» DATA RECORDS
++++++++++++++++++++

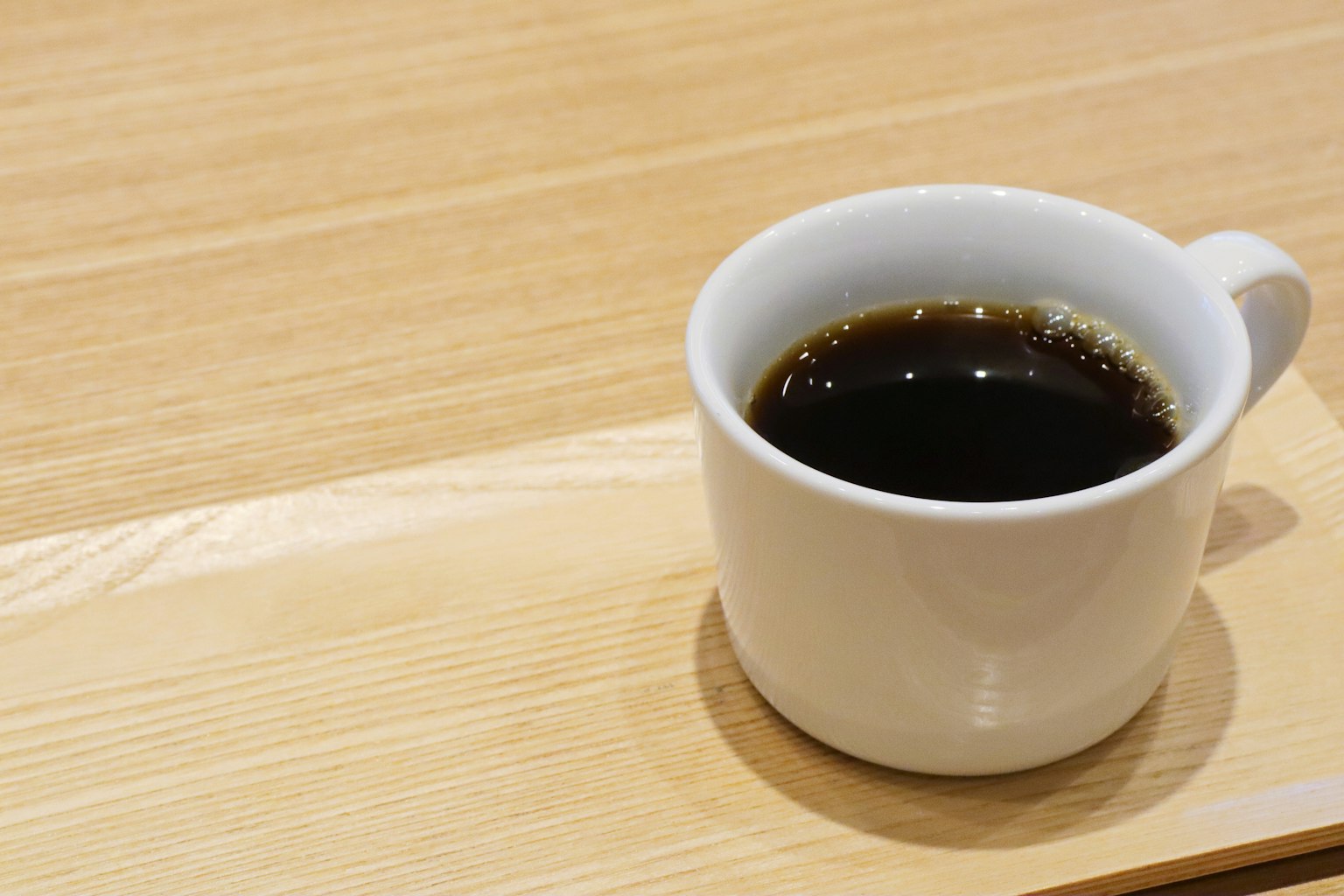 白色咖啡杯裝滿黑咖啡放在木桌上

++++++++++++++++++++

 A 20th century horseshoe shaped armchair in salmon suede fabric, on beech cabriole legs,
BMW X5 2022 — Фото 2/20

++++++++++++++++++++

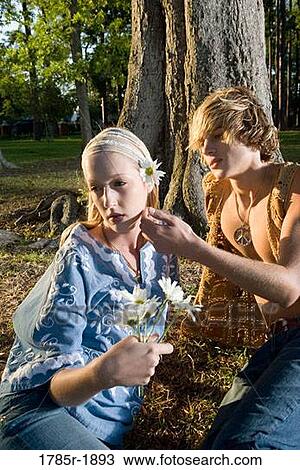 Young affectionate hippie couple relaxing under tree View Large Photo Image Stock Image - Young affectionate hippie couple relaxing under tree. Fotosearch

++++++++++++++++++++

» EXERCISE GOAL
Of the entries listed above, reproduce only the lines starting at the line containing "A 20th century" and ending at the line containing "BMW X5 2022 — Фото 2/20". Include both, exactly as they stand.

» ANSWER
 A 20th century horseshoe shaped armchair in salmon suede fabric, on beech cabriole legs,
BMW X5 2022 — Фото 2/20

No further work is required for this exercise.